Question 4 years ago on Step 9
Is that insulated flex duct you have connected to the return box?
Answer 4 years ago
yes, 18"
4 years ago
Excellent work! Some in 'the industry' might come up with the 'over done' remarks, but if a job is worth doing, it is worth doing the right way the first time. In my opinion, folks in 'the industry' are far more likely to cut corners than shoot for perfection.
Yours is a perfect seamless construction as opposed to a box made of several sections with all manner of seams 'taped shut' and a 'mess' upon close inspection.
I agree that additional detail on your fiberglassing and insulating materials would be appreciated - maybe you could add a bit. For instance - Six layers of 25# fiberglas cloth or 25 pounds of fiberglas cloth that weighed twenty-five pounds?
What did the final piece weigh - or do you know? It looks rather thin in the pics, but six layers - how thick were the walls?
One assumes you put your Air Handler in the Attic as opposed to mounting it in a 'closet' on the ground/main floor because there was no room for a 'closet' for the air handler.
Did you ever consider designing a duct take off box for the other end of the equation?
One question, if the area of the filter is 800 sq inches and the diameter of the exit is 18" or 254 SQ IN, does that 'choke point' negate the effort?
Reply 4 years ago
The cloth I used was left over from a boat build, I don't know the weight but it is a thick coarse weave. The finished layup had 1/8 - 3/16 thick walls. This is not a structural part so it only needs to be strong enough to handle. Once installed the framing gives it support. I am guessing here on weight about 25 pounds.

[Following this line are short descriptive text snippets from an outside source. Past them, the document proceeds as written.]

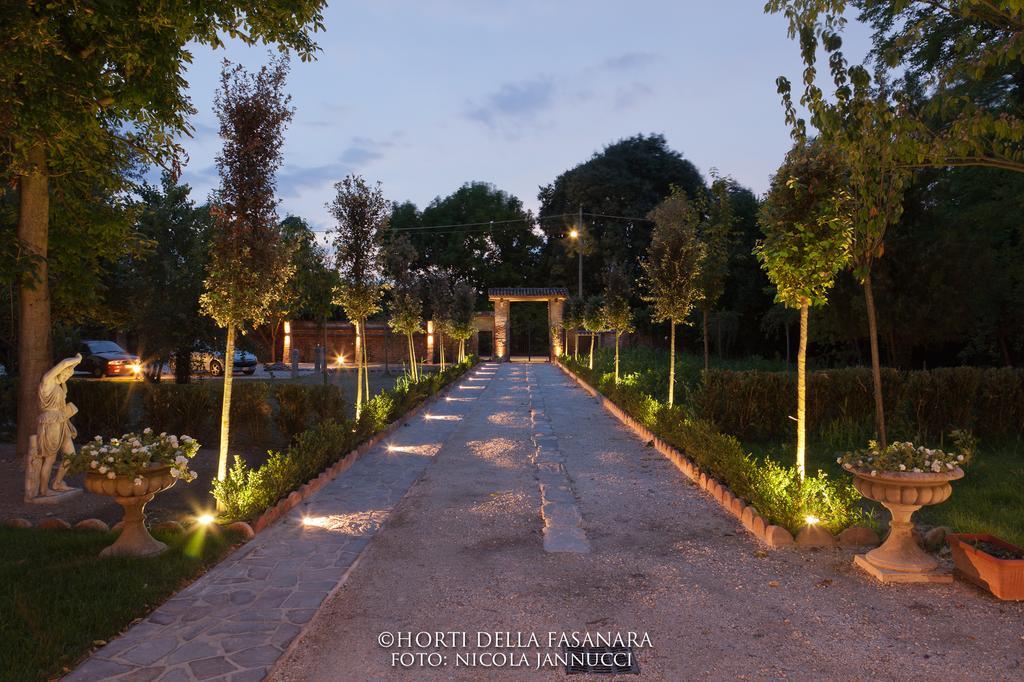 Horti Della Fasanara Guest House Ferrara Ngoại thất bức ảnh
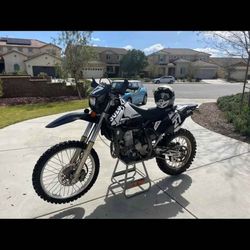 2012 Suzuki DRZ 400 Includes New Black Widow Hitch Carrier And Ramp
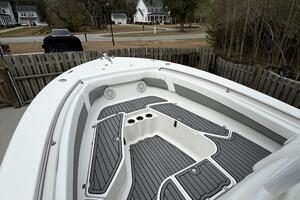 Photo 5955803 for 2015 Tidewater 230 LXF  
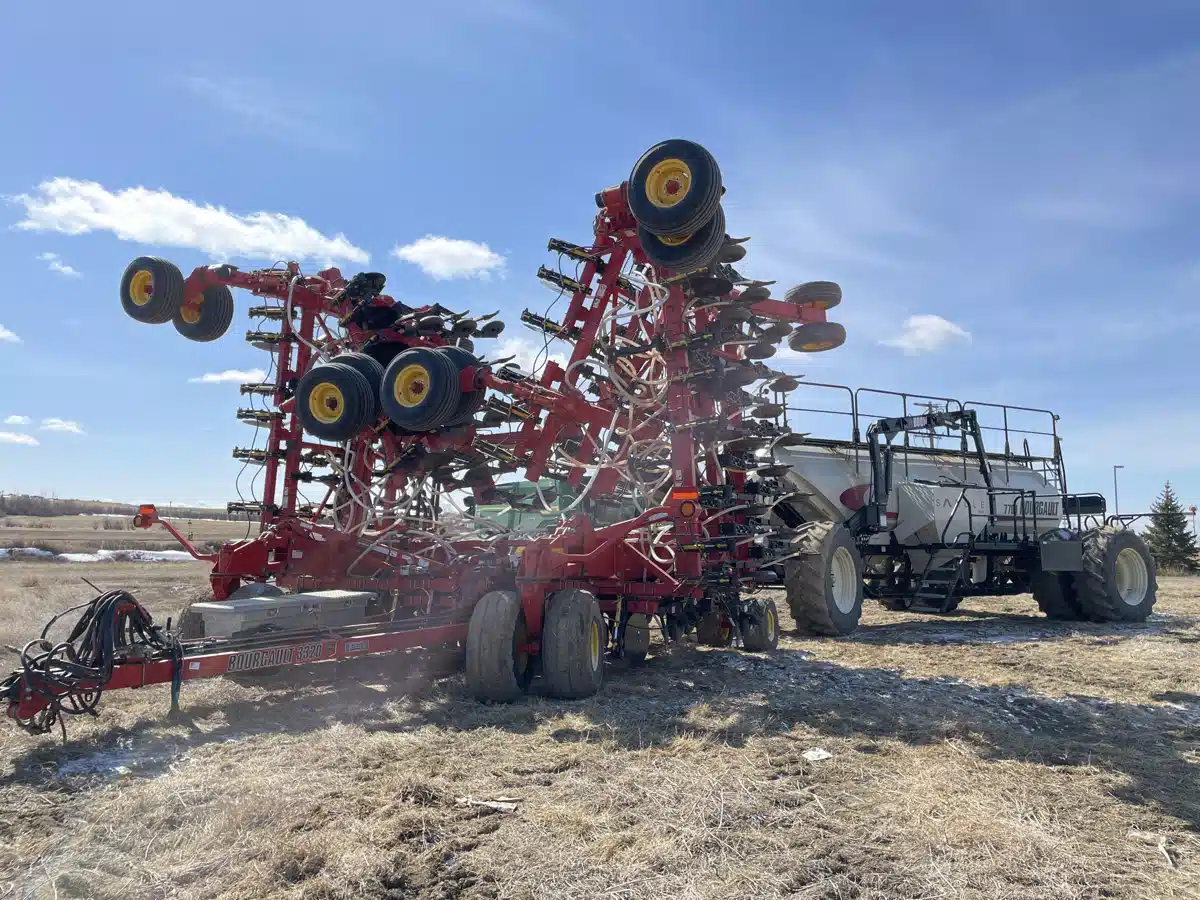 Gallery image 1 for Used 2015 Bourgault 3320-66 Air Drill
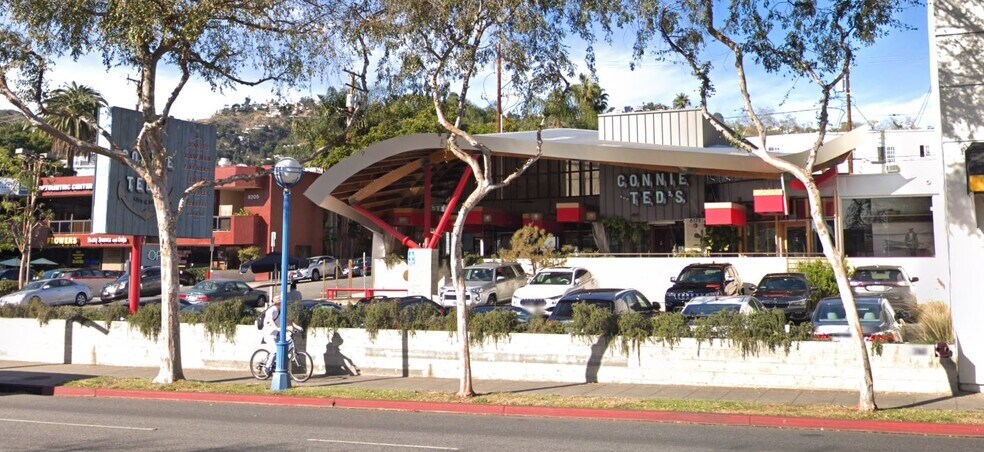 8171 Santa Monica Blvd, West Hollywood, CA à louer - Photo principale – Image 1 sur 4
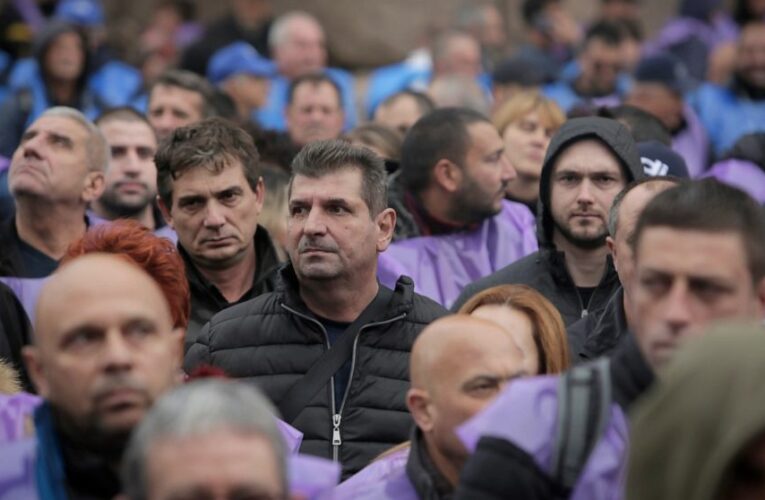 Bulgarian coal miners demand job security, fear changes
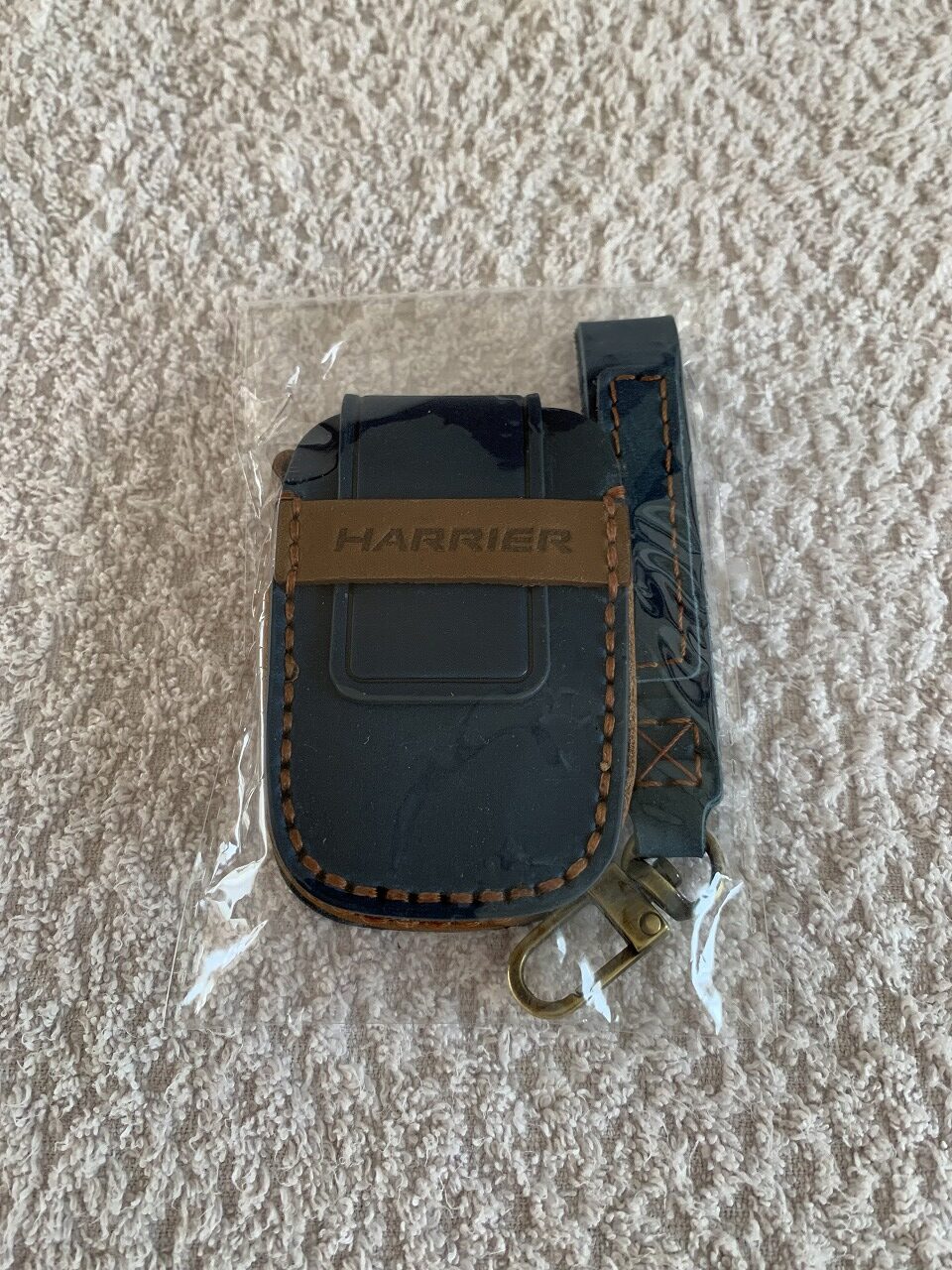 透明の袋に入っているハリアー80系専用設計キーケース（ブルー）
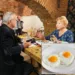De necrezut! Câți lei costă două ouă ochiuri la „Lacrimi și Sfinți”, restaurantul lui Mircea Dinescu din București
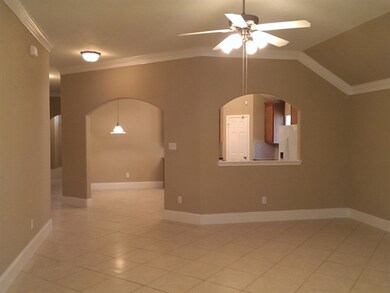 15831 Collinsville Dr, Tomball, TX 77377 - photo 3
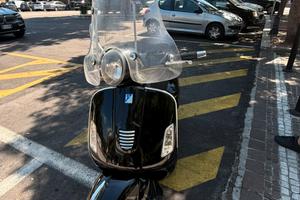 Vespa 300 gts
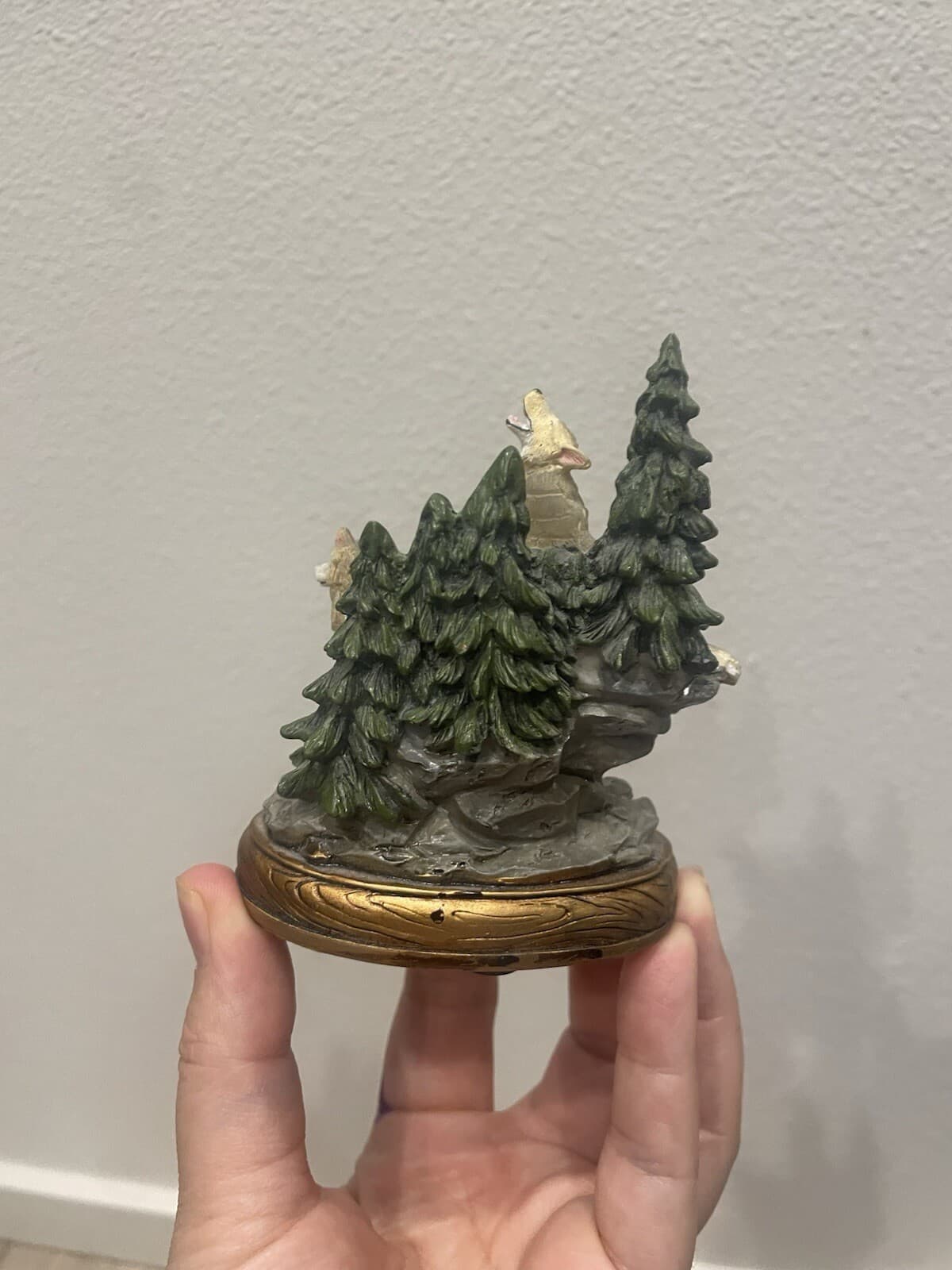 Howling Wolves Gray Forest Rocks Figurine Wolf Resin Sculpture Majestic Howl 5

At the 18" duct the air flows faster than at the filter. At the filters the air is moving slower, the slower movement allows the dust particles to be caught rather than forced through, more efficient cleaning.
4 years ago
That;'s wonderful. Sadly, my app is a complex stove duct, and I'm afrfaid I'll have to set a tin-knocker loose to get what I want that won't melt. Perhaps your idea of a foam mock-up would still speed the process (and might help in validating installation steps as well.)
4 years ago
Wow! That is some determination and good work. Even the insulation is a great job.
4 years ago
This was an excellent solution to tricky and tight geometric requirements. The positive plug method could be used to generate a mold for any project. Your use of common materials is a plus.
4 years ago on Step 9
I know you are being efficient with the shape, but dang, it's really beautiful. How much other sculpture are you hiding in your ceiling?
4 years ago
Darn - you skipped over the aspect I was most interested in! ; )
If you're inclined, I think it would be awesome to see at least a couple steps on the fiberglass process, or even a whole separate instructable on it. Some info on what specific products you used, and any tips for how to make the process go smooth would really be nice to see included. Very good first instructable though!! Hope you'll share more!